As 100 páginas de texto que compõem o novo Plano Nacional de Defesa contemplam a visão governamental de algo que é discutido nos ambientes militares há muito tempo. Pelo tamanho e força política, estratégica e econômica, o Brasil não poderia perder mais tempo contingenciando a Defesa como um item supérfluo em sua pauta de desenvolvimento. A caserna, por definição e excelência, pensa sempre nas relações internacionais dentro da ótica do realismo, visão pela qual se observam as relações entre os Estados a partir do choque de interesses entre tais unidades. Diplomacia e poderio bélico então se combinam como as ferramentas essenciais para a administração dos conflitos. Com o enfraquecimento da Guerra Fria, no século passado, essa teoria perdeu força em detrimento de outras formas de relacionamento entre povos e nações, mesmo inimigas. A globalização tornou relativas certas disputas e enfraqueceu o debate puramente ideológico. Porém, os ventos mudaram outra vez de direção, e o aparato de dissuasão voltou a ser instrumento eficaz de política contra novas ameaças.

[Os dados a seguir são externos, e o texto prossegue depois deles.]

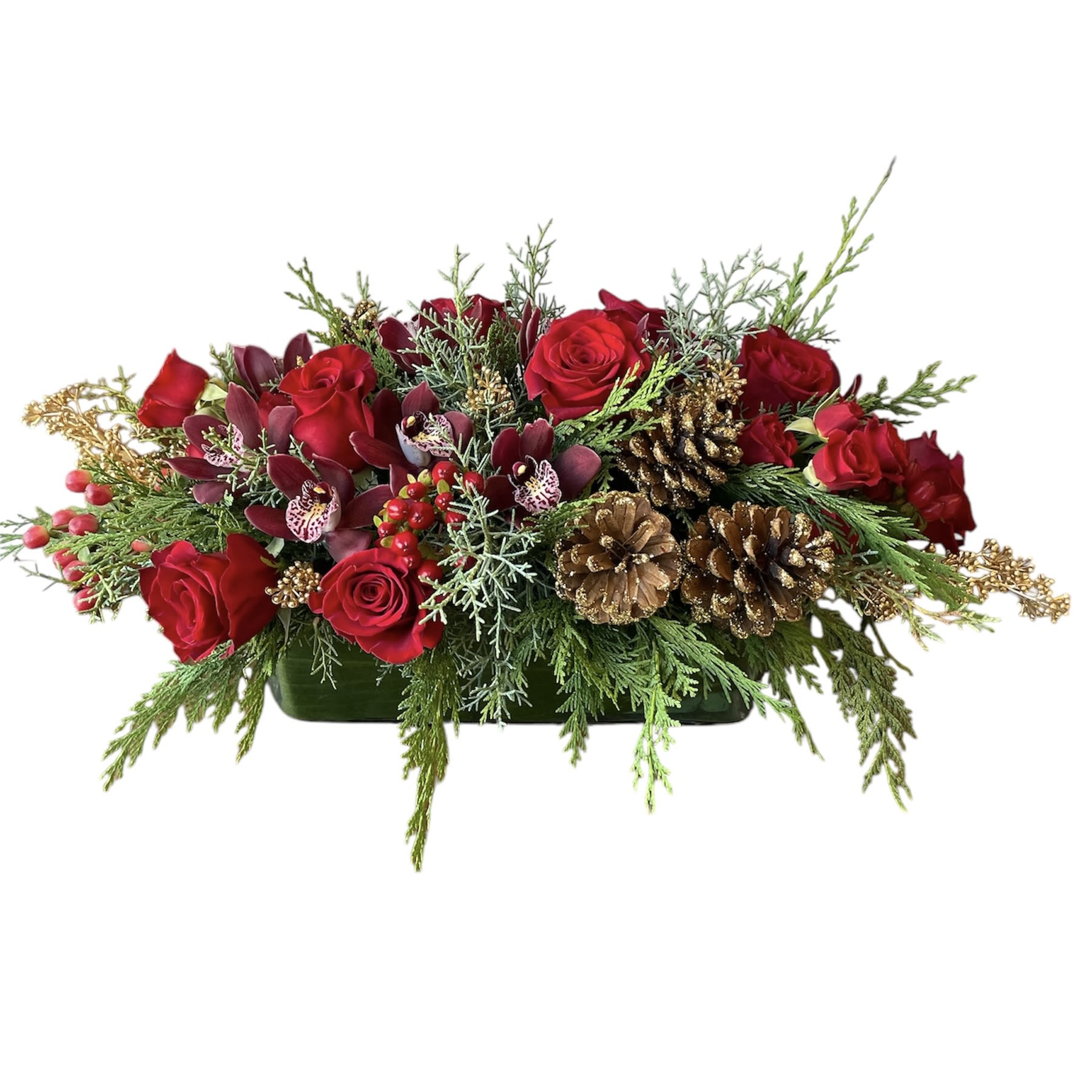 Christmas Table Centerpiece  - Christmas greens and red flowers designed as shown in photo.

O Plano de Defesa, nesse ponto, transporta o Brasil do tempo do realismo puro para a nova ambientação desse mesmo modelo no século 21. É feliz por considerar como parte do arcabouço de proteção a área tecnológica em que se situam as diferenças que separam países em desenvolvimento das potências do futuro. Os setores nuclear, cibernético e espacial preenchem os requisitos desse acesso e conceitualmente merecerão maior atenção. Hoje, na guerra moderna, softwares podem ser tão ou mais mortíferos quanto mísseis e bombas. Podem estabelecer com precisão a propriedade de uma riqueza material ou a fronteira que depura a soberania nacional. Em tempos de pré-sal, são tão essenciais quanto navios de patrulha. Outra feliz constatação no programa vem do reconhecimento de que a indústria nacional de defesa precisa ser reconstruída, com prioridade absoluta para a independência tecnológica. Podemos comprar os melhores caças a jato do planeta, mas serão apenas aviões se não os equiparmos com dispositivos inteligentes dos quais os eventuais adversários não terão como se defender.

Finalmente, a redefinição das Forças Armadas completa o quadro. Há previsão de investimentos na formação de soldados mais intelectualmente preparados, necessários dentro de desafios adaptados às realidades atuais, sobretudo em um tempo no qual o controle de reservas estratégicas configura a manutenção do status quo de potência. À Marinha, por exemplo, coube garantir a segurança da plataforma do pré-sal e das bacias Amazônica e do Prata. São três os objetos importantes: petróleo, biodiversidade e água doce. Mais do que dissuadir vizinhos que sempre foram rivais na liderança continental, a presença militar no Sul é uma garantia de proteção ao aqüífero Guarani, uma das maiores reservas de água do planeta. Ao Exército coube a proteção às reservas minerais do centro do país, descobertas e ainda por descobrir, entre outras missões. À Aeronáutica, apoio às outras forças, entre tarefas consideradas vitais para o controle aéreo.

A proposta do plano não é belicosa ou capaz de estimular uma corrida armamentista. Parte do princípio universal de que o Estado tem o direito e o dever de defender os seus limites. O Brasil havia deixado esse aspecto em segundo plano por questões econômicas. Chegou a hora de descontar o atraso.